━━━━━ Supplied information

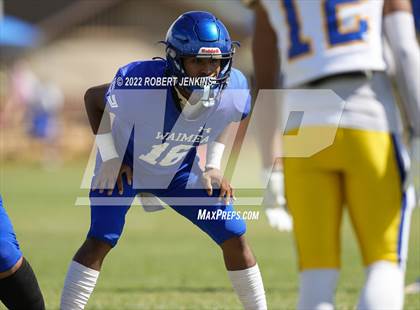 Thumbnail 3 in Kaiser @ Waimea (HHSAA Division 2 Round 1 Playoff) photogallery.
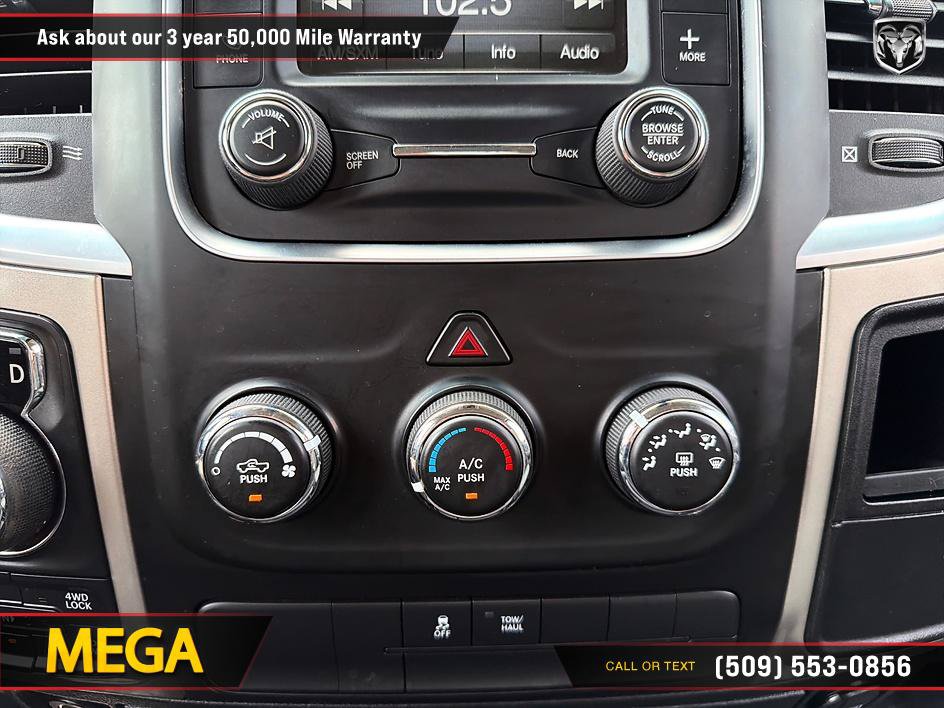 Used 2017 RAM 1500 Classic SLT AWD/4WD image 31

━━━━━━━━━━
━━━━━ Supplied information

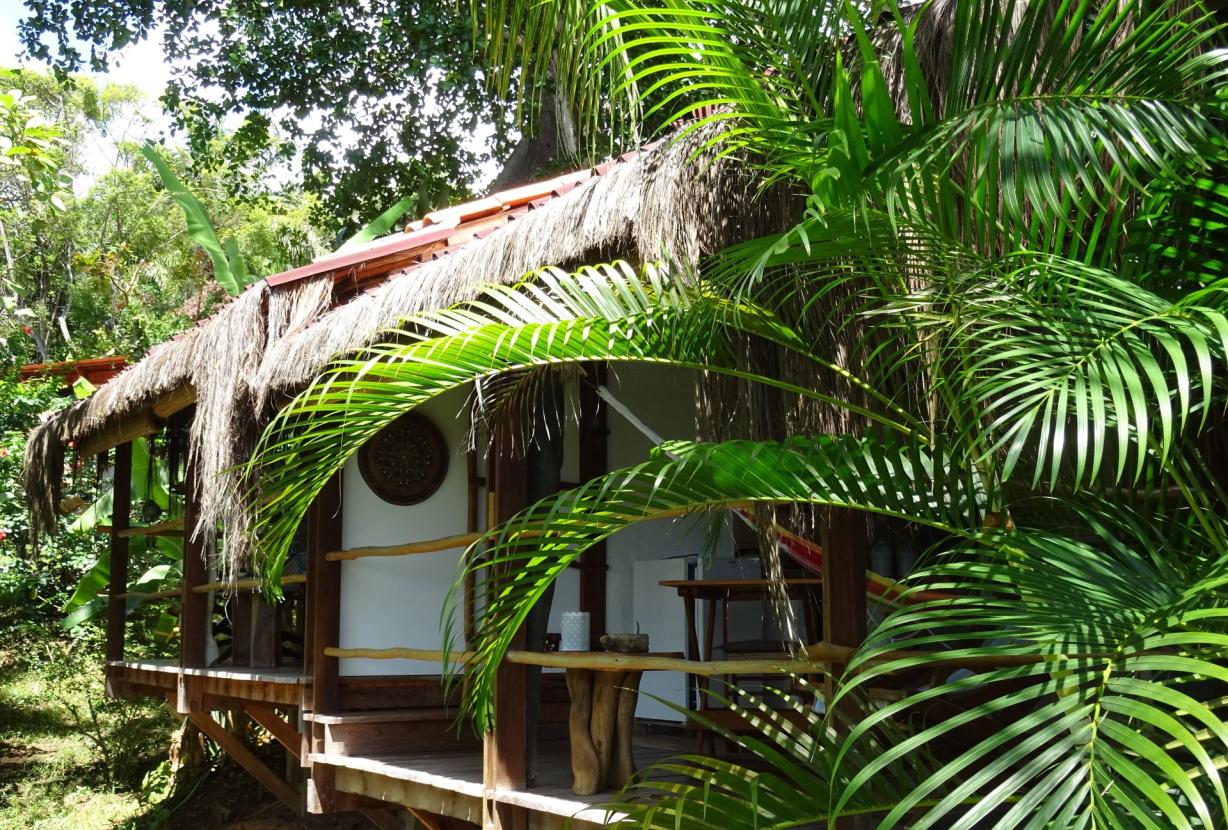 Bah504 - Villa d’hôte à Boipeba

━━━━━━━━━━
━━━━━ Supplied information

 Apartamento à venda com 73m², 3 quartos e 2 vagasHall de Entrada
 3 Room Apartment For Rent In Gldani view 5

━━━━━━━━━━

Exercise details: Your answer must be everything above from the line with "Thumbnail 3 in" down to the line with "Used 2017 RAM", word for word, and no pictures.

Answer to the problem:
 Thumbnail 3 in Kaiser @ Waimea (HHSAA Division 2 Round 1 Playoff) photogallery.
 Used 2017 RAM 1500 Classic SLT AWD/4WD image 31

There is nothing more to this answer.